Last summer, a handful of vending machines began popping up in Anacostia, a Washington, D.C., neighborhood, with unusual contents: not soda, not snacks, but children’s books. And they had an unusual price, too: free.
The vending machines were a part of Soar With Reading, a program sponsored by JetBlue to get books into the hands of kids who might not otherwise have much access to reading material during the break from school. Last year was the pilot; by the end of the summer, more than 27,000 books had been given away. (The program relaunched in Anacostia at the beginning of this month.)
“We wanted to give the notion that proprietors should have books in their neighborhoods,” says Susan Neuman, an education professor and literacy specialist at NYU who worked on the project. Even in an area devoid of bookstores, “families often buy books in dollar stores, they buy them in drugstores, in supermarkets.”
If the stores stock them, that is. If you’ve read anything about nutrition, you’ve likely heard of food deserts, typically low-income areas where access to healthy food is scarce, and where fast-food restaurants often outnumber grocery stores. In recent years, education researchers have begun to apply the same concept to books: as nourishing as fruits and veggies, in their own way, and often just as scarce. In a study recently published in the journal Urban Education, Neuman and her colleague Naomi Moland, an assistant professor at Columbia’s Teachers’ College, outlined the problem of “book deserts”: neighborhoods where it’s difficult or impossible for a kid to find something to read.
The study authors surveyed neighborhoods in Los Angeles, Detroit, and Washington, D.C., in each case choosing one high-poverty area (where more than 40 percent of residents lived below the poverty line) and one adjacent area of more mixed income, or what the researchers called “borderline” neighborhoods. They then went block by block, checking out each business that looked like it might have “print resources” (books, newspapers, magazines) and counting up what they found inside.

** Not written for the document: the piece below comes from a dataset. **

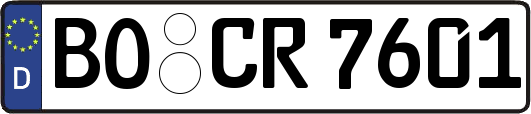 BO-CR7601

Neuman had headed up a similar study in 2001, looking at one affluent and one high-poverty neighborhood in Philadelphia, with dramatically disparate results — in that study, the wealthier area had around 13 books for sale for each kid, while the poorer area had one book for every 300 children.
But even in this latest paper, comparing neighborhoods with less dramatic income gaps, the difference was still stark. On average, the borderline neighborhoods had 16 times as many books per child as their high-poverty neighbors. And public libraries, which Neuman describes as “the only safety net in some of our high-poverty communities,” often don’t actually do much to alleviate the scarcity: Past research has found that as few as 8 percent of low-income families have taken advantage of their local library branches, largely because of inconvenient hours or concern over possible fines.
Of the three cities Neuman and Moland looked at, the most sizeable gap was in D.C. – in one sweep of Anacostia, where 61 percent of kids live in poverty, the researchers found no books for preschool-aged kids, and just five children’s books overall, all of them Spanish dictionaries. “It tells you that a parent couldn’t conceivably say, ‘Hey, I’d like to buy a book for my kid’ in that neighborhood,” Neuman says. By contrast, nearby Capitol Hill, with a 21 percent child-poverty rate, had more than 2,000, including nearly 700 for preschool-aged kids.
These disparities are particularly critical during the summer months, when kids are out of school: reading, or being read to, is a key part of combatting the so-called “summer slide,” when children lose knowledge gained during the year. Increased access to books is also one defense against the word gap, or the different vocabulary sizes of rich kids and poor kids: By age 3, research has shown, wealthier children have heard tens of millions more words than their less affluent peers.
But focusing solely on expanding kids’ vocabulary “is rather simplistic,” Neuman says. Reading, or being read to, also helps them develop skills “like being able to listen to a story, being able to respond to a story, that are even more important than conversation, because conversation is colloquial language. These children need to come to school with a more academic language — the language of stories, of books. They need to come to school with alphabetic skills, understanding the sound structure of our language.”
When they have books at home, “you can see children [pay attention], you can hear them repeat the story or reiterate parts of the story” in class, she adds. “I can tell, when I go into schools in New York, which kids have been read to and which haven’t.”